Im Oktober 2010 hatte der Schuldner beantragt, ihm vorzeitig die Restschuldbefreiung zu erteilen. Diesen lehnte das Insolvenzgericht ab. Auf die sofortige Beschwerde des Schuldners hob das LG den Beschluss auf und forderte weitere Ermittlungen ein. Nach deren Durchführung lehnte das Insolvenzgericht im November 2011 den schuldnerischen Antrag erneut ab. Auch gegen diesen Beschluss legte der Schuldner sofortige Beschwerde ein. Das LG wies das Rechtsmittel zurück. Auf die Rechtsbeschwerde des Schuldners hob der BGH den Beschluss auf und wies die Sache zur erneuten Entscheidung an das LG zurück.
Gründe:
Es ist fast 12 Jahre nach Einführung des Insolvenzrechtsänderungsgesetzes 2001 geboten, die Schuldner, über deren Vermögen vor dem 1.12.2001 das Insolvenzverfahren eröffnet wurde, unabhängig vom Verfahrensstand vorzeitig in den Genuss der Restschuldbefreiung kommen zu lassen. Art. 103a EGInsO ist im Hinblick auf Art. 3 Abs. 1 GG verfassungskonform dahin auszulegen, dass diesen Schuldnern gem. § 300 InsO in entsprechender Anwendung der BGH-Rechtsprechung vom 3.12.2009 (Az.: IX ZB 247/08), 16.2.2012 (IX ZB 209/11), 11.10.2012 (IX ZB 230/09) und 11.4.2013 (IX ZB 94/12) die Restschuldbefreiung zu erteilen ist, unabhängig davon, ob das vor dem 1.12.2001 eröffnete Insolvenzverfahren noch läuft oder der Schuldner sich zwischenzeitlich in der Wohlverhaltensperiode befindet.

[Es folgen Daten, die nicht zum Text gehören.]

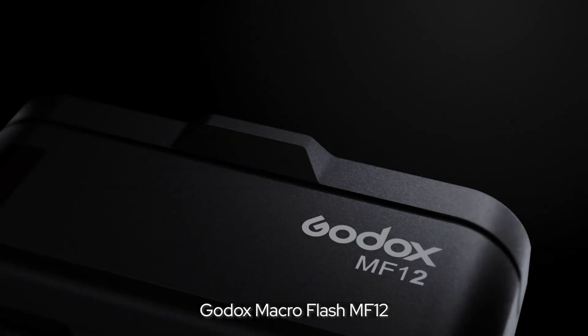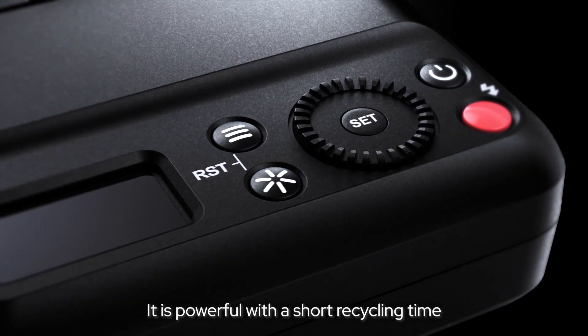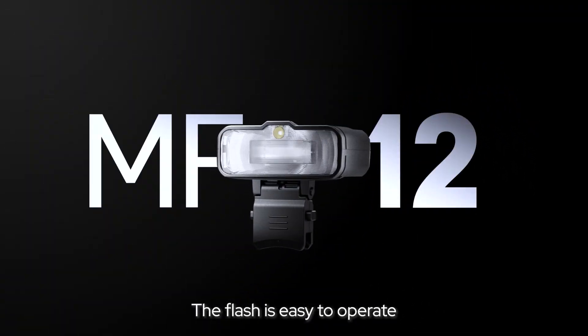The Goddess Microflash NF12 supports TTL mode. It is powerful with a short recycling time, and the flash is easier to operate.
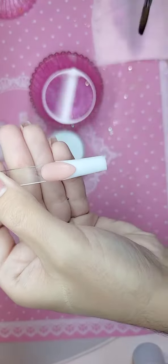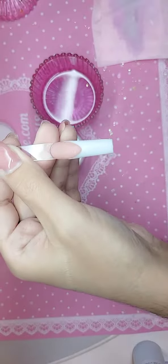Beautiful, look at that you guys — enailcouture.com, the bomb.com!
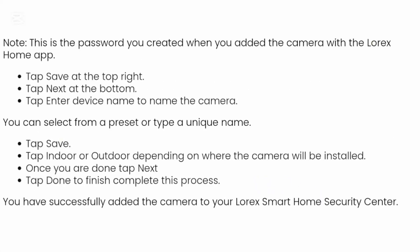You can select from a preset or a unique type of name and tap save. Tap indoor or outdoor depending on where the camera will be installed. Once you're done, tap next, then tap done to finish the process. You have successfully added the camera to your Lorex smart home security center.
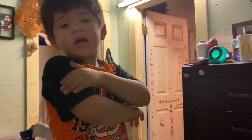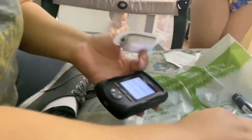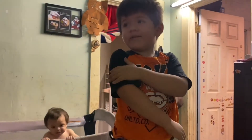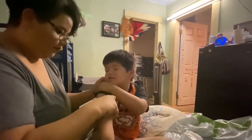Now we apply it. Do you want it on your arm or on your leg? You want it on the arm again — let's see how your arm is. His pump was right here, so I'll move it. First, clean the area with an alcohol swab and let that air dry.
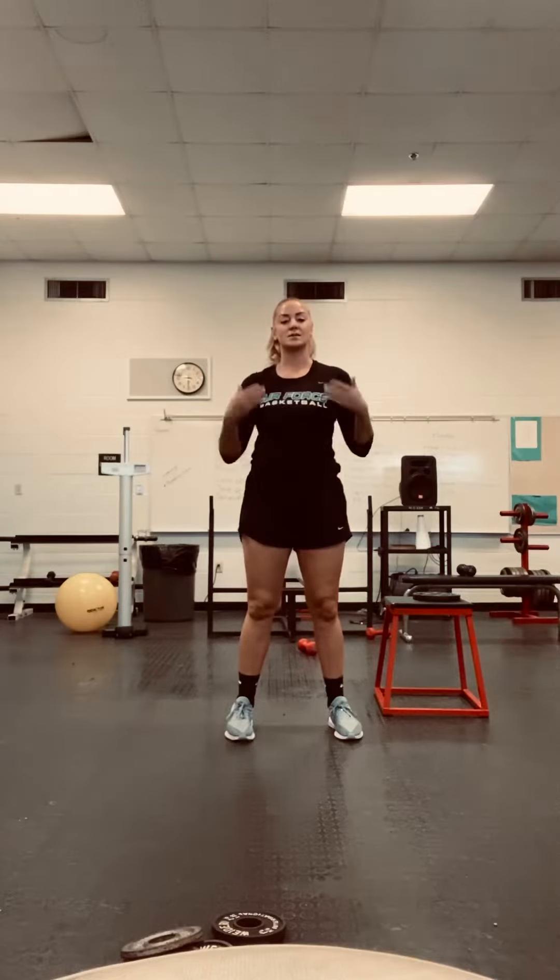You're going to have squats, lunges, Bulgarian split squats — and I'll show you what all these are — and you're going to finish with squat jumps or stand-ups.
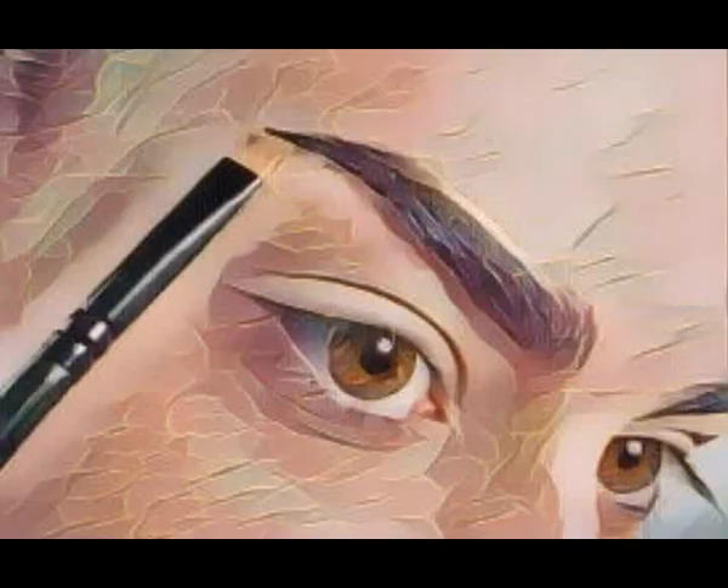Plucking in moderation is the only answer as far as I'm concerned. I understand the best thing to do is to pluck lower hairs from the outer two-thirds of each brow. This opens up the eye and helps create an arch.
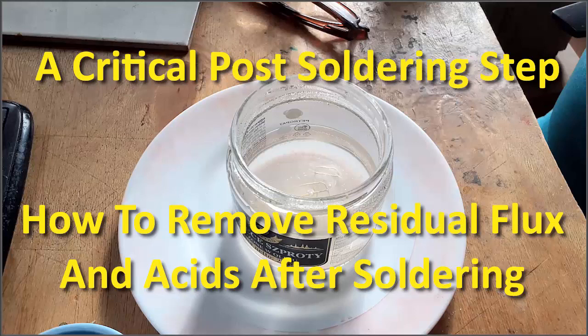When you solder brass, the product surface has a film of excess solder, acid, and oxidized fire scale. For the project to look good and to be sure the solder joint does not degrade with time, you should remove this.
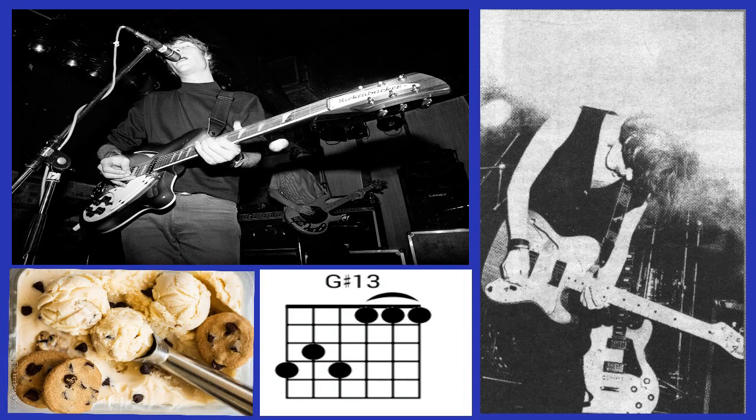I am going to be talking about Slowdive again, because I just love them so much. However, this is not really another video wherein I talk about my love for the band. I will be talking about my experience on learning a certain Slowdive song on guitar.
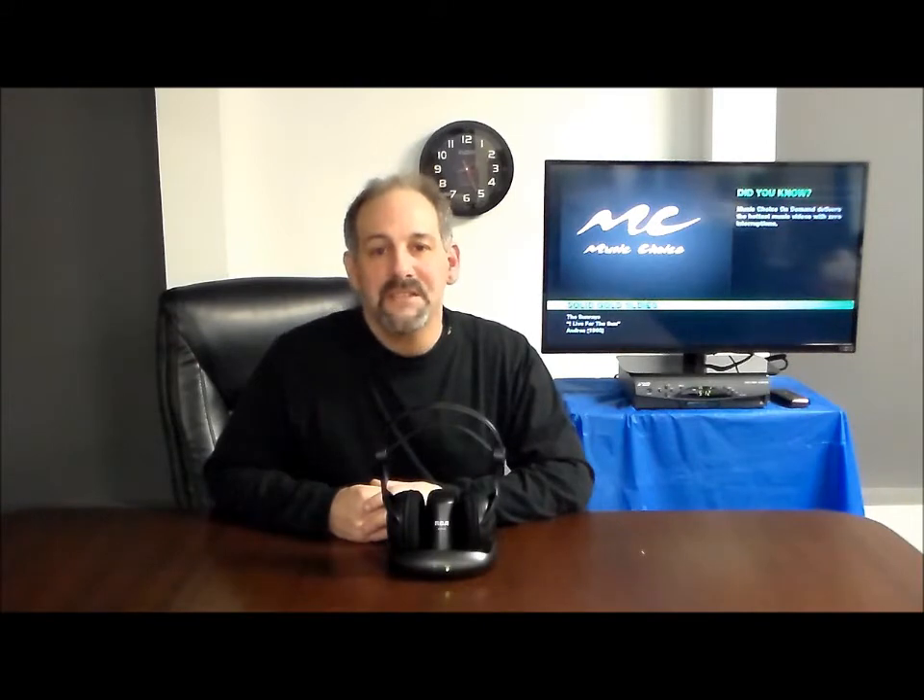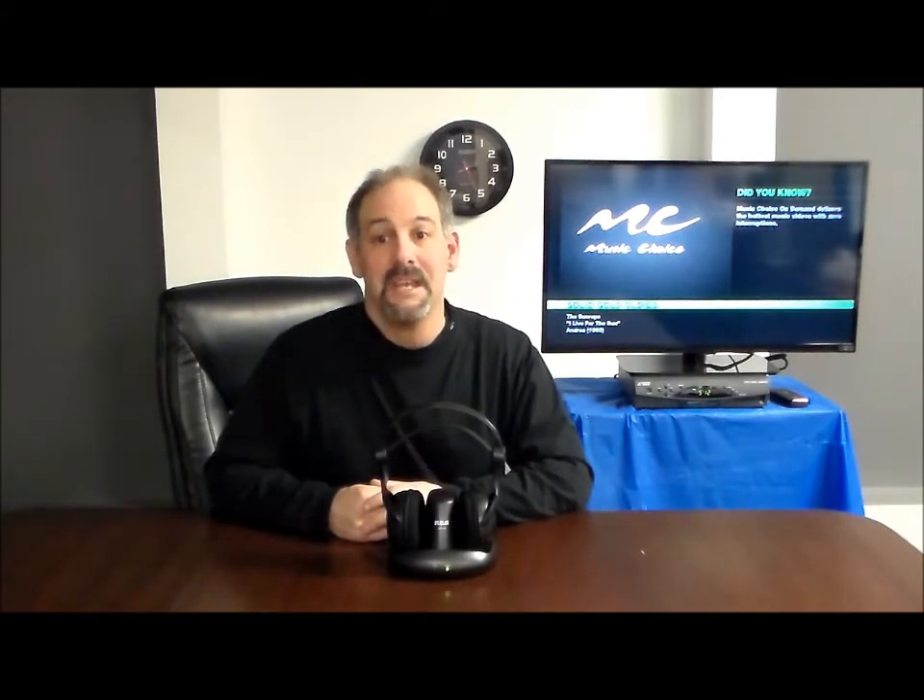Hello, I'm Chris from 4 Home Speakers, and I'm very happy that you're going to spend a few minutes with me today so I can help you hear your TV better. Right now, there are millions of people that could improve the quality of their lives if they could just hear their TV better.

Für den Gesetzgeber lag es außerhalb jeder Vorstellung, dass ein Insolvenzverfahren sich - wie vorliegend - über vierzehn Jahre hinziehen kann. Die Änderung des § 287 Abs. 2 InsO wurde 2001 erst durch den Rechtsausschuss des Bundestages vorgeschlagen. Erklärtes Ziel war die Verkürzung der Wohlverhaltensperiode, weil ein durchschnittlicher Schuldner nicht in der Lage sei, über einen so erheblichen Zeitraum sein Leben an den Pfändungsfreigrenzen auszurichten. Mit der Festlegung des Beginns der Laufzeit der Abtretung auf die Verfahrenseröffnung sollte die für den Schuldner unbefriedigende Situation beseitigt werden, dass sich in Einzelfällen das Insolvenzverfahren über einen Zeitraum von "zwei" Jahren erstreckte, ohne dass nennenswerte Vermögenswerte des Schuldners feststellbar wären oder er für diese Verfahrensverzögerung verantwortlich wäre.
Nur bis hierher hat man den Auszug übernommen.